Directing

May 29, 2019

An actor, who I directed at the academy a couple years back, Khalil Lowry requested I post on directing, what follows are some thoughts.

This topic has given me a chance to review and contemplate what I strive to do when I direct.

Funny enough, I realized something about my teaching. When working with actors to develop their craft, I apply some of the very same techniques as when I direct. The difference being that I don't consider my own specifics of theme and idea but rather I focus on the actors applying their sense of the story and instruct through analysis how to have that vision. With the strong belief that actors are not puppets.

  1. Know the story better than anybody! Define an exciting and compelling analysis.

  2. Know what you want to DO ultimately, what you want to SAY and what you want you & your audience to FEEL!

  3. Be able to articulate that dream/vision to your crew, whether it be designers for stage or crew and post production for film.

  4. Be open to contributions from your crew and cast. Really understand that you don't have to know how to do everything, you don't have all the answers, you need people who do know how to do what they do and who respect you enough to follow your lead. (Sound, grip, cinematographer, actor...) 

  5. Actors will give you their very best performance if they trust you and you trust them. When they trust you, you can push them out of their comfort zone to do something personal, making it their very own best performance possible. Include them, inspire them and challenge them.

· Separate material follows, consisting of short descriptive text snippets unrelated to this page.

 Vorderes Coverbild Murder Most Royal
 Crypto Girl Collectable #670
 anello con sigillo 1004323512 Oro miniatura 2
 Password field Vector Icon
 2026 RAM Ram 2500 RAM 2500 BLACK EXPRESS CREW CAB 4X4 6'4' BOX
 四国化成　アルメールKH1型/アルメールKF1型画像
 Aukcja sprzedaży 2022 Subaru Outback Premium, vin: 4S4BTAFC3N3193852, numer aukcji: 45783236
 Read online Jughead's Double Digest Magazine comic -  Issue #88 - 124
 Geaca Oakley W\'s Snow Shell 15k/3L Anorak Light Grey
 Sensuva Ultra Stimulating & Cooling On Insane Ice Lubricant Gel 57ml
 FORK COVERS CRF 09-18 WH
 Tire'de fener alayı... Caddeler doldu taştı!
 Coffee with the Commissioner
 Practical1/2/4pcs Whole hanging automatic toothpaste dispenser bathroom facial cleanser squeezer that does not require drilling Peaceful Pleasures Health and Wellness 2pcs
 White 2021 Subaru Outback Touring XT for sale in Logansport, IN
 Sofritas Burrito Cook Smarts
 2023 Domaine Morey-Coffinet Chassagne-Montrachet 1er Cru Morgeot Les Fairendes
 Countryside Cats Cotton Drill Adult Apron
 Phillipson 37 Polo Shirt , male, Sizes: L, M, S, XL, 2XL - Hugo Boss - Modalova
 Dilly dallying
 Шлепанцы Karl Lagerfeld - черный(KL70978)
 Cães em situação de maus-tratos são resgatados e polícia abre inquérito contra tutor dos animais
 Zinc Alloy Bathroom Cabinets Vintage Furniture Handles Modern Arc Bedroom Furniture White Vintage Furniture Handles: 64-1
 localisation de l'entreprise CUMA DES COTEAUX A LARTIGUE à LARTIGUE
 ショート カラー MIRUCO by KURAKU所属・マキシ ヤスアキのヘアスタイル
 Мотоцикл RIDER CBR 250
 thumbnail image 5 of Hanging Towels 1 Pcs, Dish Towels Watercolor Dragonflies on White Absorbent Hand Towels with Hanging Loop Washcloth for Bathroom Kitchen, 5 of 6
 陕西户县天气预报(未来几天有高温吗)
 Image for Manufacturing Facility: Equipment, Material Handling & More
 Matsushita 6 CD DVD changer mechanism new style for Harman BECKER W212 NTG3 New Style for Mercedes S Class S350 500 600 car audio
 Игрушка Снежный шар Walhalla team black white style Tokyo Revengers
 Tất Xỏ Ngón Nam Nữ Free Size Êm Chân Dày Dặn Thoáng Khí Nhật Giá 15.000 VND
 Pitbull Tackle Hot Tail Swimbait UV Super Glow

  6. In film, before and after each take, speak to actors first and be specific, no one trusts a bullshitter! It simply keeps them in the loop and feeling recognized and protected!

    1. A perfunctory "Great work" is not reassuring. A short sincere specific appreciation or adjustment of their work will ease any tension/fear dramatically. 

  7. Be direct and honest, never cruel, snarky nor touchy-feely in your feedback.

  8. Support each actor's process (whatever it may be) and put their fears in check. This simple sign of respect for your actor’s process aids in their ability to be free and give their most risky and personal performance.

  9. Never tell them what you think their character should "feel", ask them what they want and why! If they're stuck, tell them to try an action you feel is right or completely wrong, shake it up.